Set out exactly, and only, the lines running from the one containing "12 Oz. Battery" to the bottom of the listing below; pictures stay out.
====
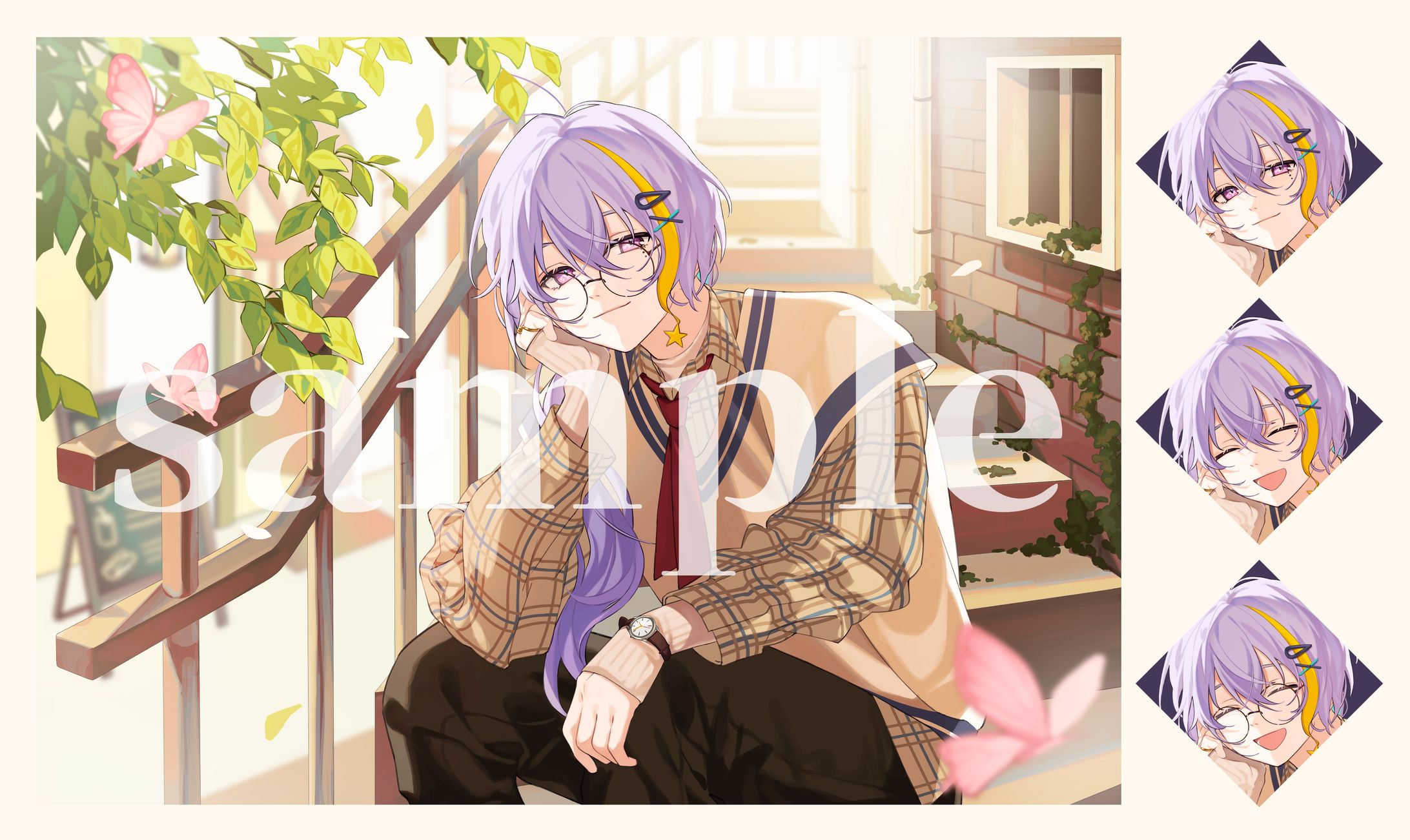 【work】宇多瀬カナンさん 活動4周年記念イラスト-1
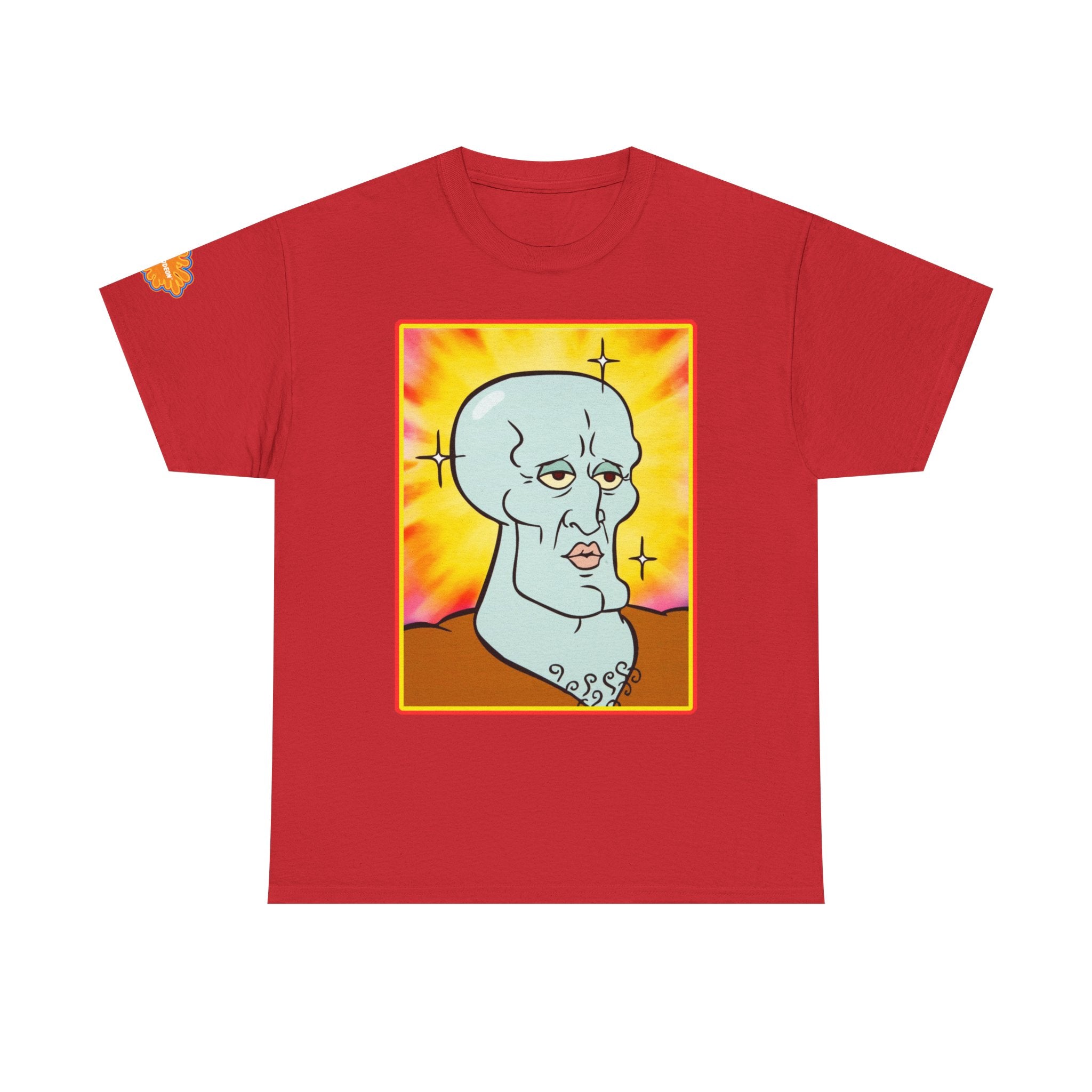 Handsome Squidward Portrait T‑Shirt — Retro Nickelodeon Graphic Tee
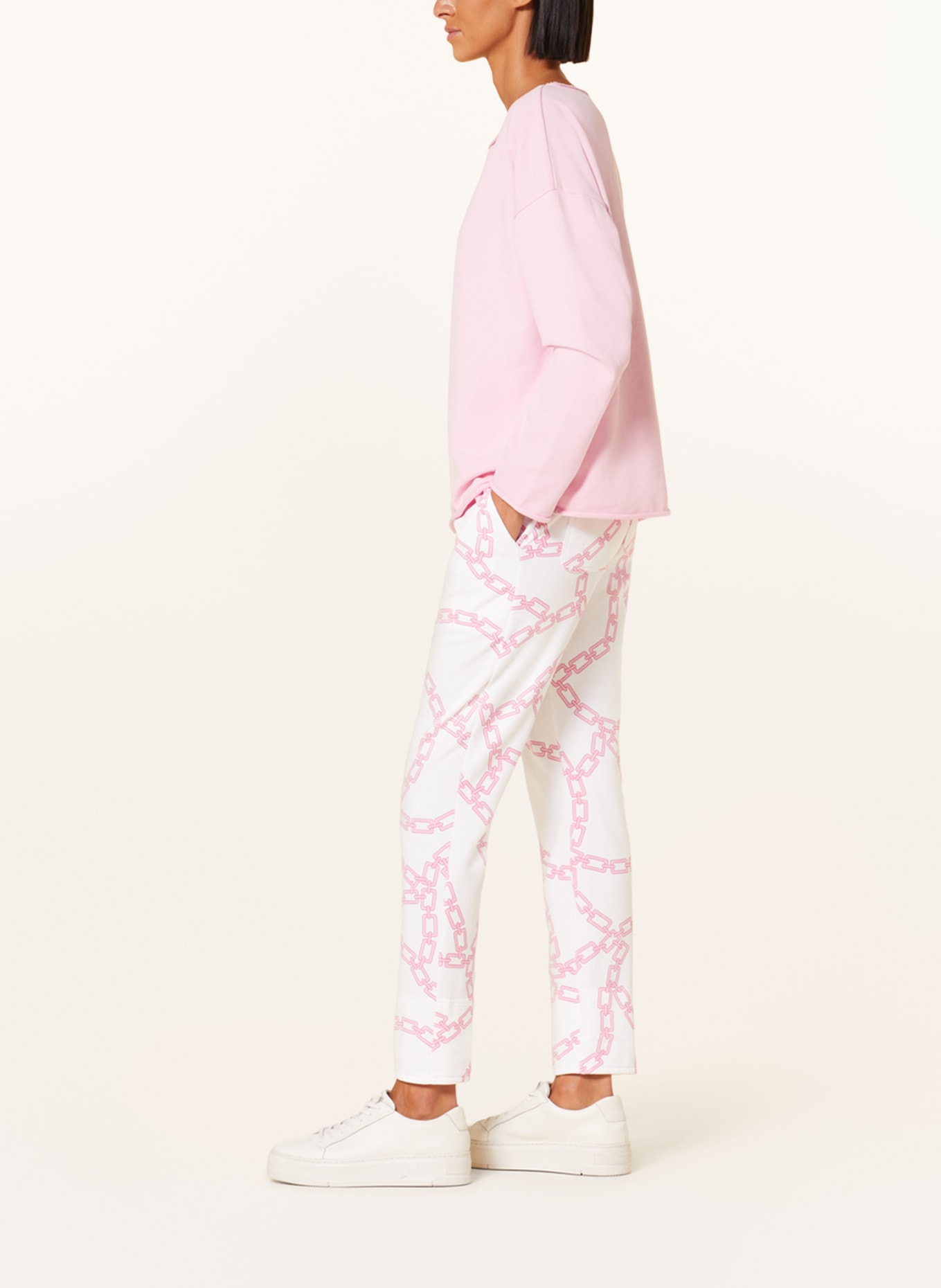 Juvia Sweatpants CATHY, Farbe: WEISS/ ROSA (Bild 4)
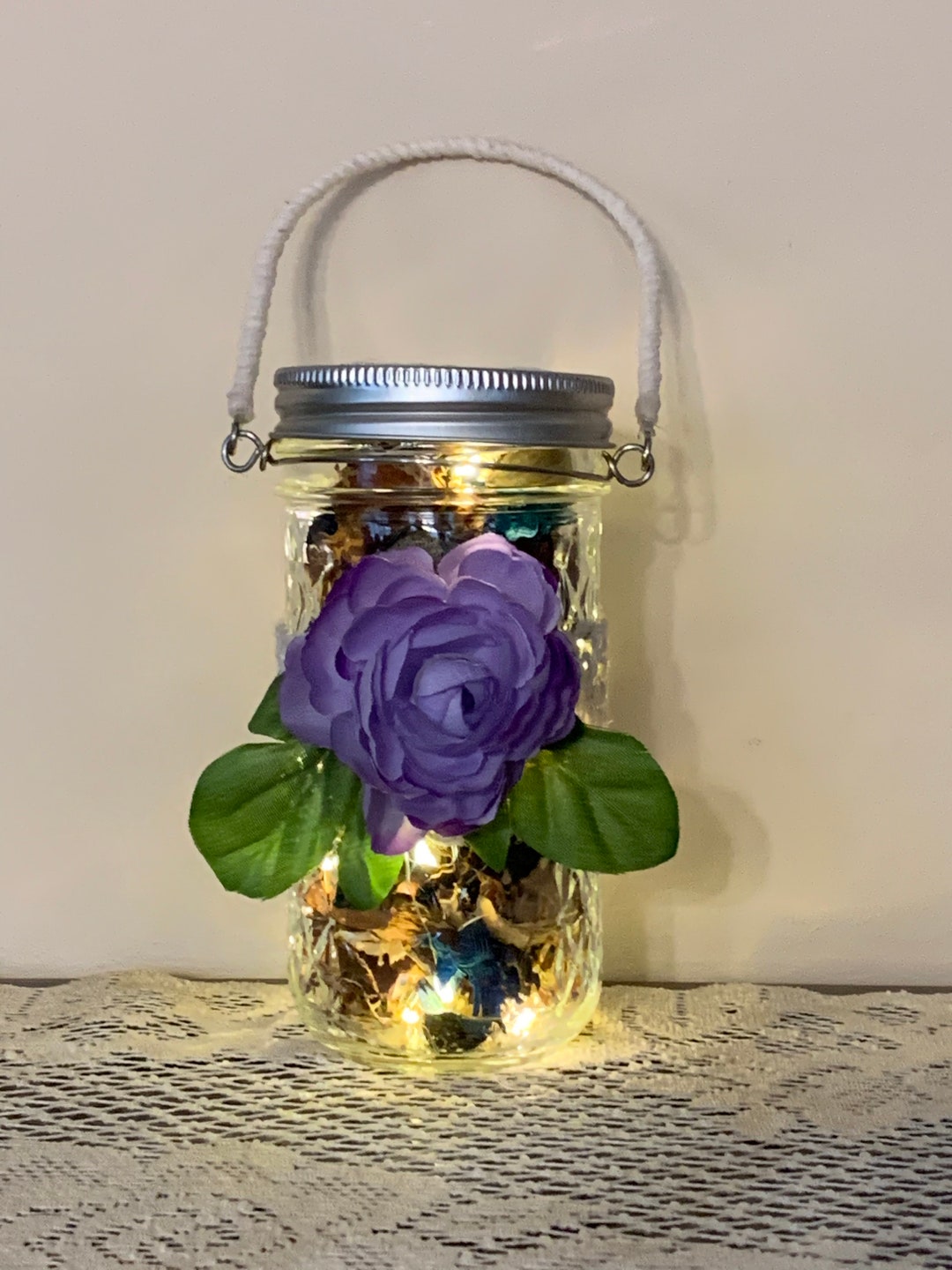 12 Oz. Battery Operated Lighted Potpourri Jar Etsy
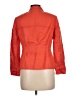 Talbots 100% Linen Orange Blazer Size 10 - photo 2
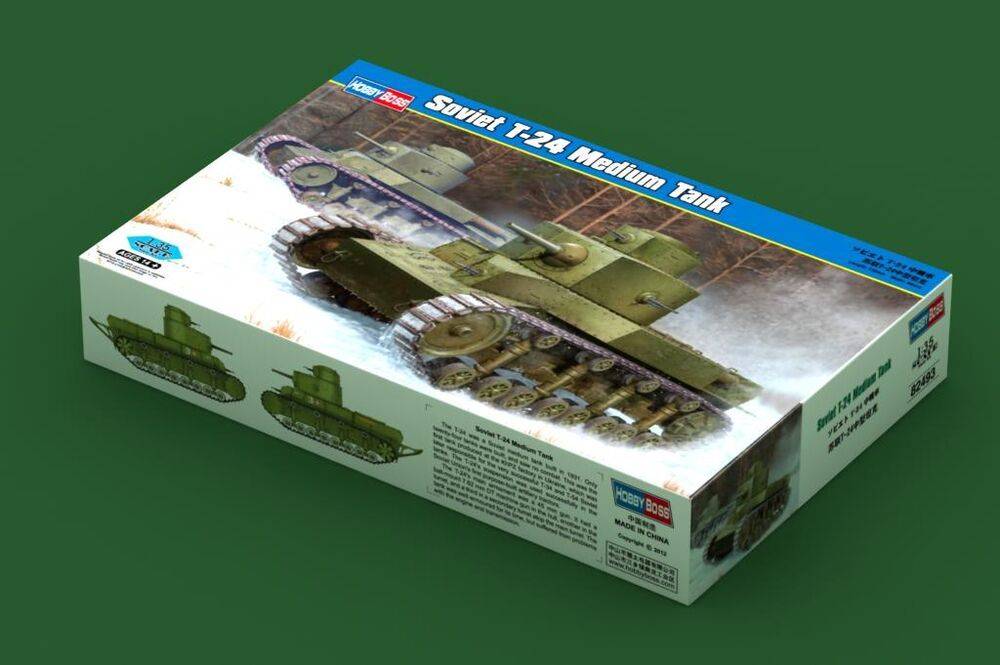 Hobby Boss 82493 - 1:35 Soviet T-24 Medium Tank | Modellbau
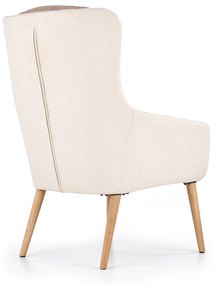 PURIO leisure chair, color: beige / brown DIOMMI V-CH-PURIO-FOT-BRĄZOWY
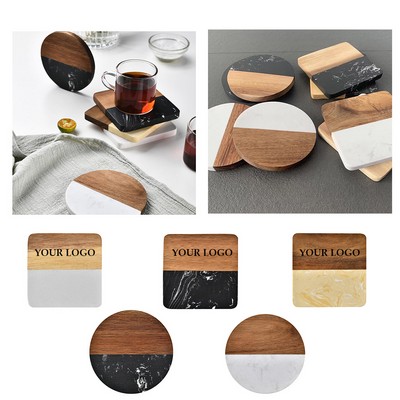 Marble And Acacia Wooden Coasters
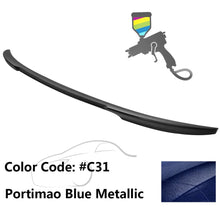 Load image into Gallery viewer, 2012-2020 BMW 3 Series F80 M3 F30 4Dr V Style Trunk Spoiler Wing ABS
====
SOLUTION FOR THIS TASK:
 12 Oz. Battery Operated Lighted Potpourri Jar Etsy
 Talbots 100% Linen Orange Blazer Size 10 - photo 2
 Hobby Boss 82493 - 1:35 Soviet T-24 Medium Tank | Modellbau
 PURIO leisure chair, color: beige / brown DIOMMI V-CH-PURIO-FOT-BRĄZOWY
 Marble And Acacia Wooden Coasters
 Load image into Gallery viewer, 2012-2020 BMW 3 Series F80 M3 F30 4Dr V Style Trunk Spoiler Wing ABS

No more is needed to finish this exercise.